- Opening Delimiter -

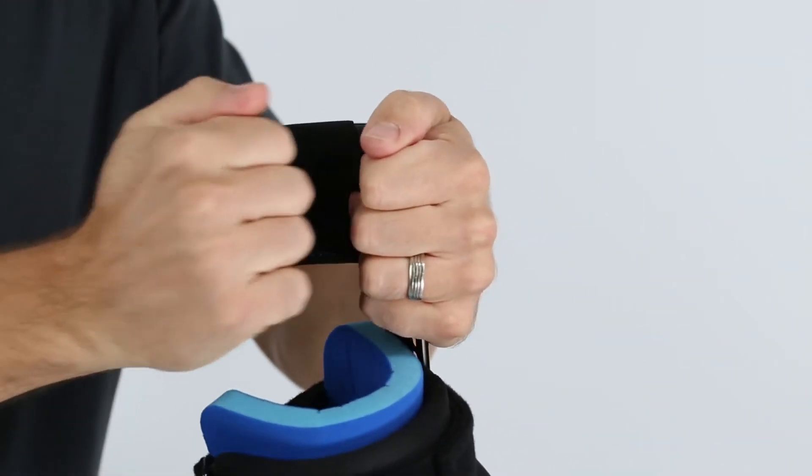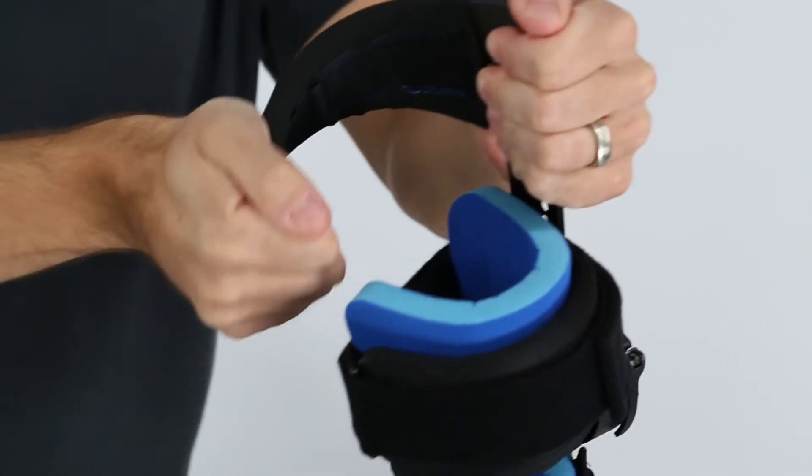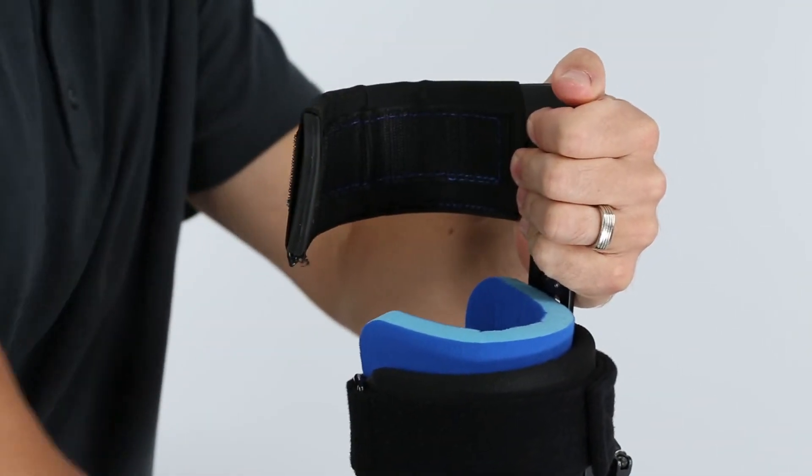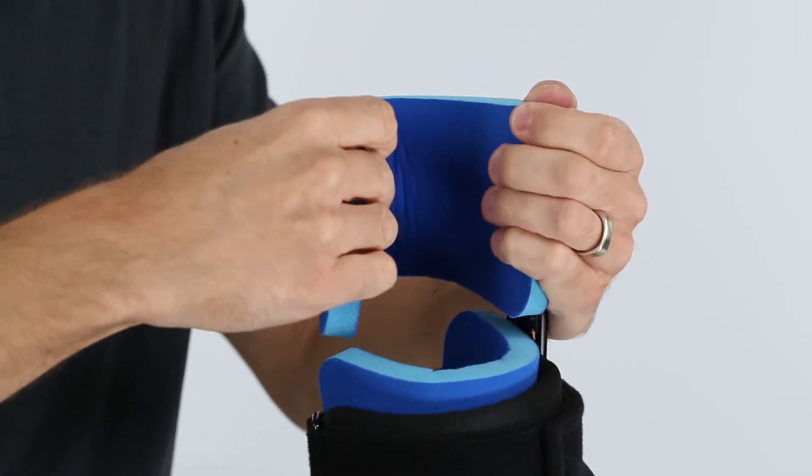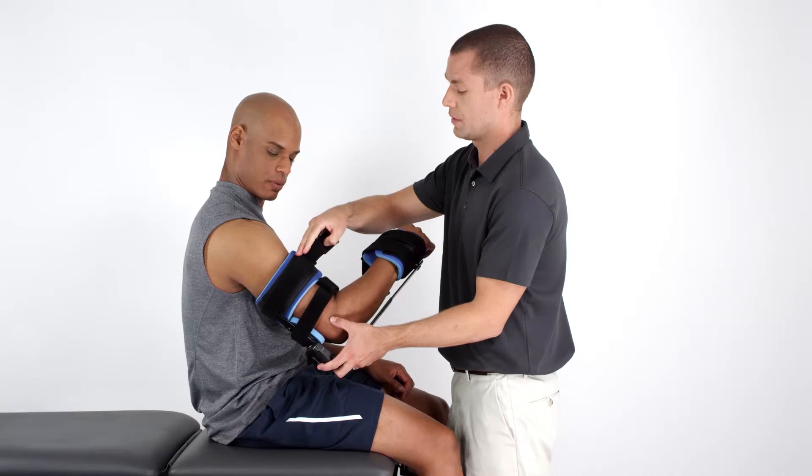The blue memory foam pads, which are attached to the cuffs by Velcro, may also be repositioned or even trimmed and sized to maximize fit and patient comfort.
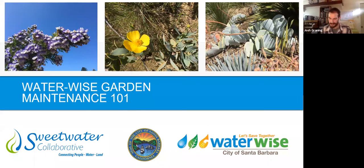Thank you. Good morning, everybody. Thanks for joining us — maybe good afternoon, I guess. I just switched over. So we're going to be going into the WaterWise Gardening Maintenance 101.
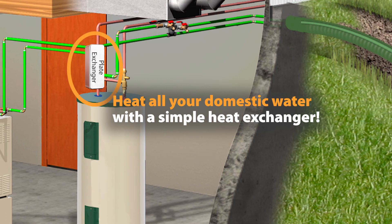A simple plate heat exchanger can be connected to your water heater, and now the wood furnace heats all your domestic water.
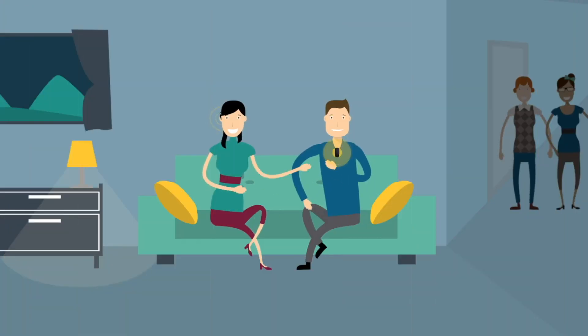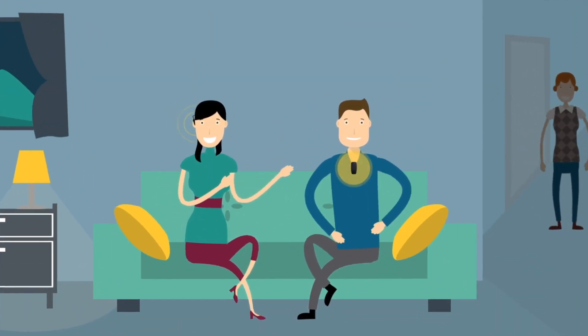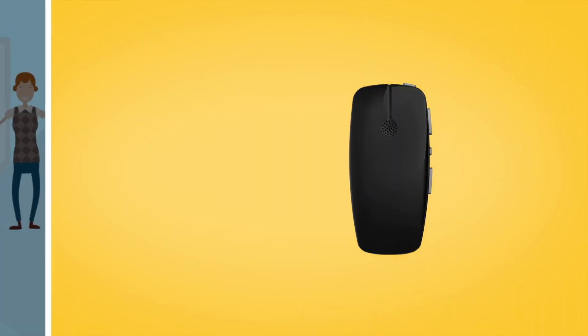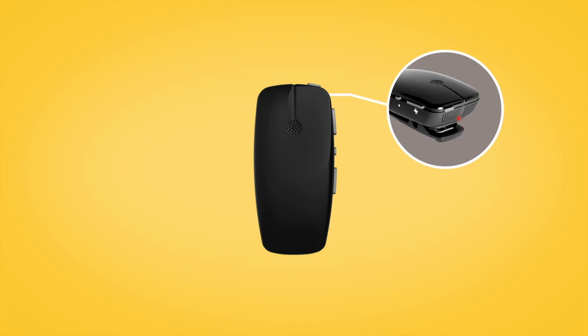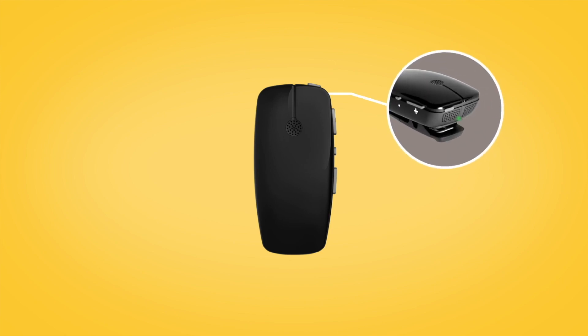A Cochlear Wireless Mini Microphone can help you to hear better over a distance and in noisy listening situations. While charging, the LED on top of the Mini Microphone lights red. When fully charged, it lights green with red flashes every two seconds.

- Closing Delimiter -

### Work task
Would you please copy the listing exactly, omitting every picture?

### Completed task
The blue memory foam pads, which are attached to the cuffs by Velcro, may also be repositioned or even trimmed and sized to maximize fit and patient comfort.
Thank you. Good morning, everybody. Thanks for joining us — maybe good afternoon, I guess. I just switched over. So we're going to be going into the WaterWise Gardening Maintenance 101.
A simple plate heat exchanger can be connected to your water heater, and now the wood furnace heats all your domestic water.
A Cochlear Wireless Mini Microphone can help you to hear better over a distance and in noisy listening situations. While charging, the LED on top of the Mini Microphone lights red. When fully charged, it lights green with red flashes every two seconds.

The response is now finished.